Standardized neutralizing antibody assay for Coxsackievirus A10 in clinical trial: A framework for multivalent hand, foot, and mouth disease vaccine evaluation

Abstract

Enteroviruses (EVs) are the major etiological agents of hand, foot, and mouth disease (HFMD), which could lead to severe complications and even fatalities. Owing to the alternating or co-circulation of multiple EV serotypes and the lack of cross-protection, global institutions are pursuing the development of multivalent HFMD vaccines. Notably, the advancement of innovative multivalent HFMD vaccines into the clinical stage highlights the urgent need for a standardized platform to assess immunogenicity.
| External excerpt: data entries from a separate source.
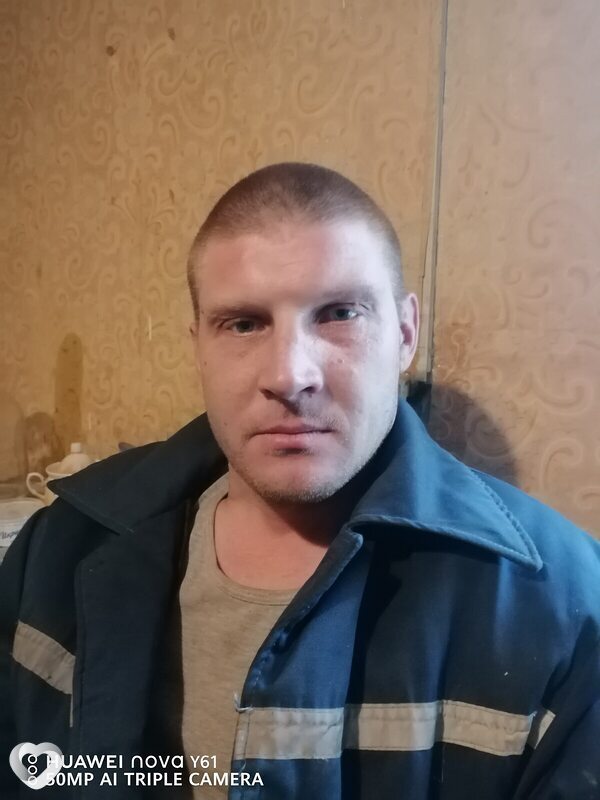 Сергей, 37, Солигорске — анкета №2216252
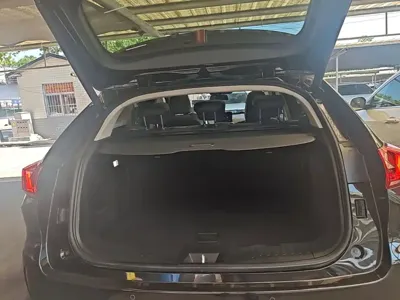 WEY Wey VV5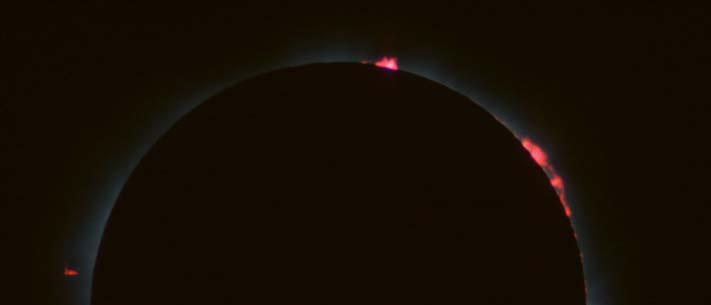 Eclipse de Sol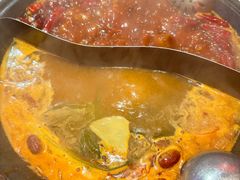 -江北北火锅馆·公路夜市(魏公村店)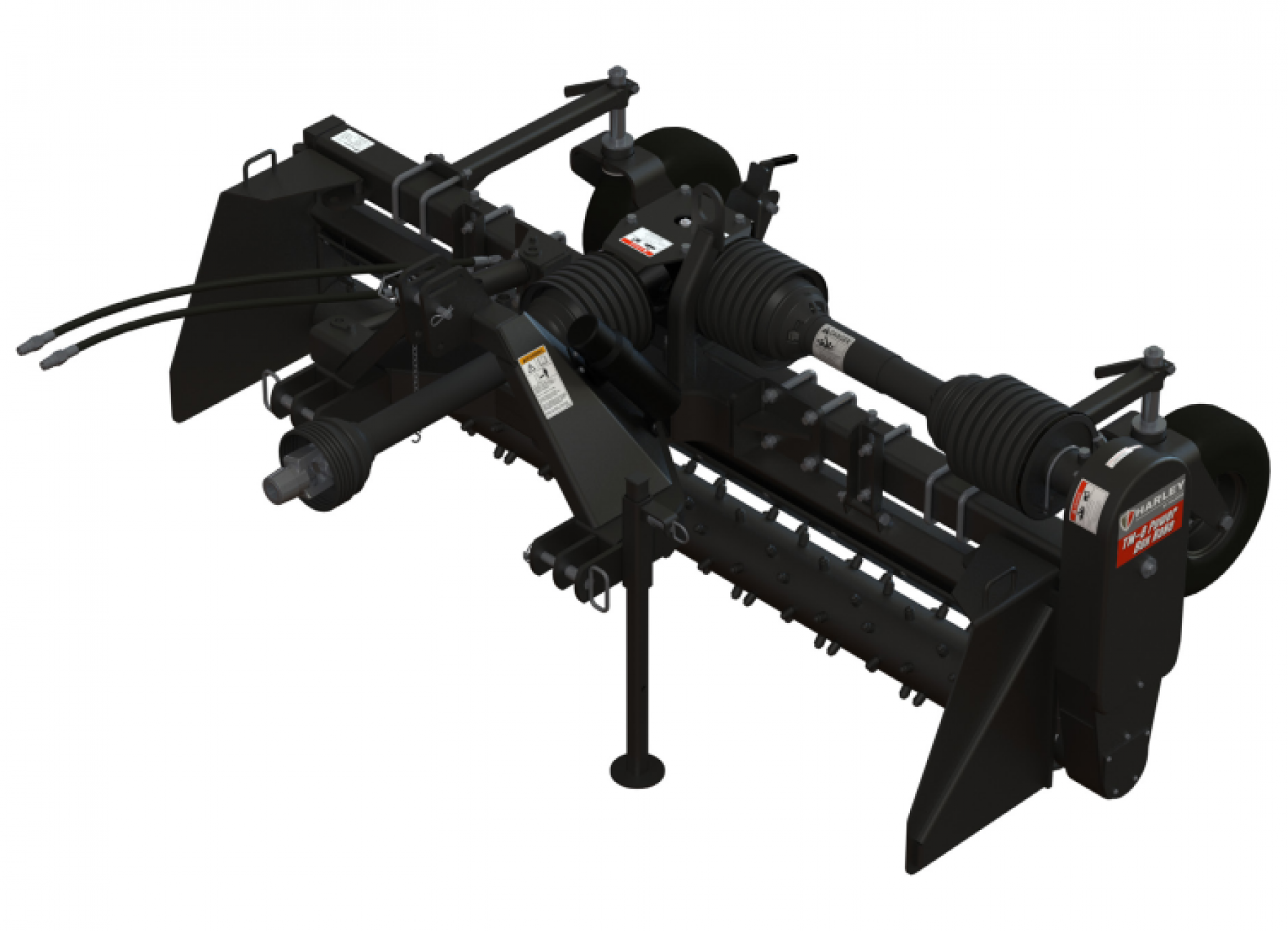 PALADIN TM5H-0052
In accordance with international regulatory guidelines, a standardized neutralizing antibody (NtAb) assay for CV-A10 is established through rigorous selection and systematic optimization of key assay components, representing the first such assay tailored for clinical immunogenicity evaluation of CV-A10-based vaccines. By integrating the 1st Chinese National Standard (NS) for CV-A10 NtAb and a standard detection virus, this assay exhibits enhanced detection sensitivity and significant reduction in the inter-laboratory geometric coefficient of variation (GCV), thereby providing a robust, reliable, and transferable platform. This assay facilitates accurate evaluation of multivalent HFMD vaccine efficacy, improves comparability across different vaccine products and provides genuine efficacy in real-world, serving as a valuable reference for global regulatory authorities.